### DATA PROVIDED
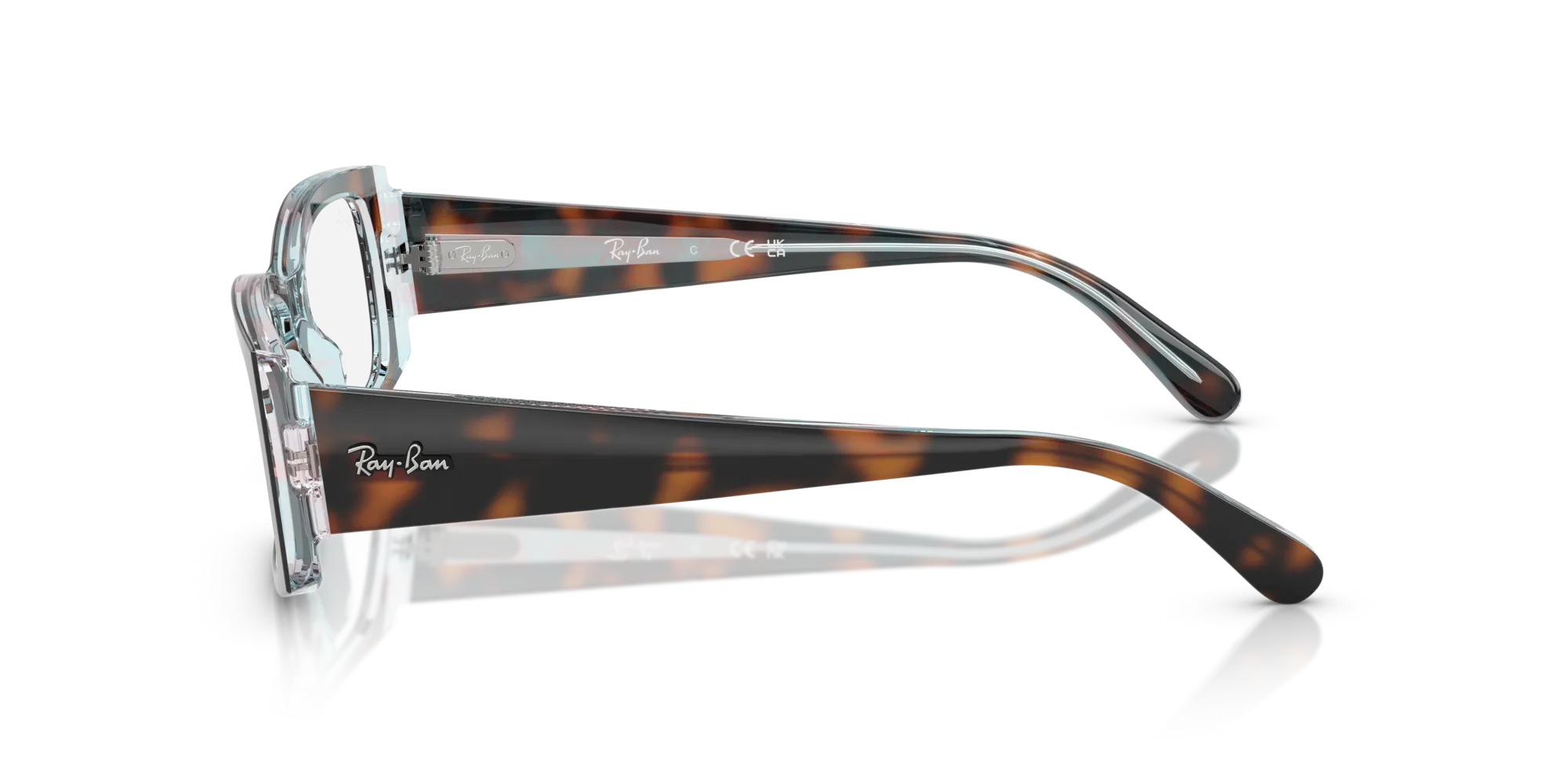 Ray - Ban RX5434 MIRIAM 8401 Montature da vista Acetato Tartaruga Trasparente Squadrata Normale - immagine 4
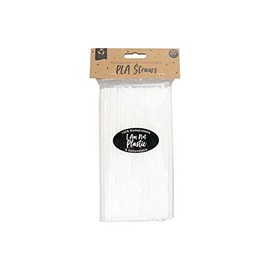 Gem Biodegradable & Compostable PLA Straws - Pack of 80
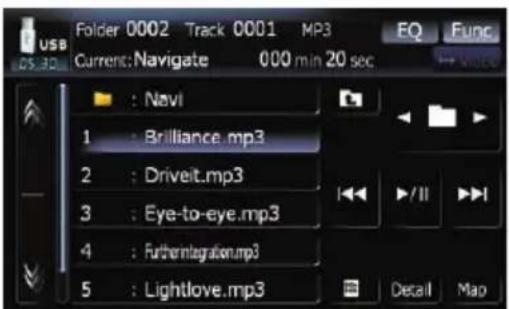 Folder 0002 Track 0001 MP3 Current: Navigate 000 min 20 sec : Navi 1 : Brilliance.mp3 2 : Driveit.mp3 3 : Eye-to-eye.mp3 4 : Furtherintegration.mp3 5 : Lightlove.mp3 Detail Map
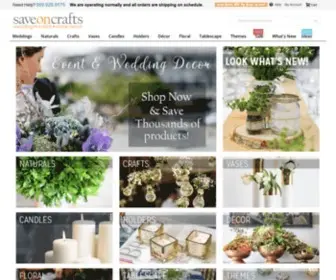 Save-ON-Crafts.com(Event & Wedding Supplies Online) Screenshot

### TASK OBJECTIVE
Everything in the listing above, apart from its pictures, must be repeated exactly.

### RESPONSE AREA
 Ray - Ban RX5434 MIRIAM 8401 Montature da vista Acetato Tartaruga Trasparente Squadrata Normale - immagine 4
 Gem Biodegradable & Compostable PLA Straws - Pack of 80
 Folder 0002 Track 0001 MP3 Current: Navigate 000 min 20 sec : Navi 1 : Brilliance.mp3 2 : Driveit.mp3 3 : Eye-to-eye.mp3 4 : Furtherintegration.mp3 5 : Lightlove.mp3 Detail Map
 Save-ON-Crafts.com(Event & Wedding Supplies Online) Screenshot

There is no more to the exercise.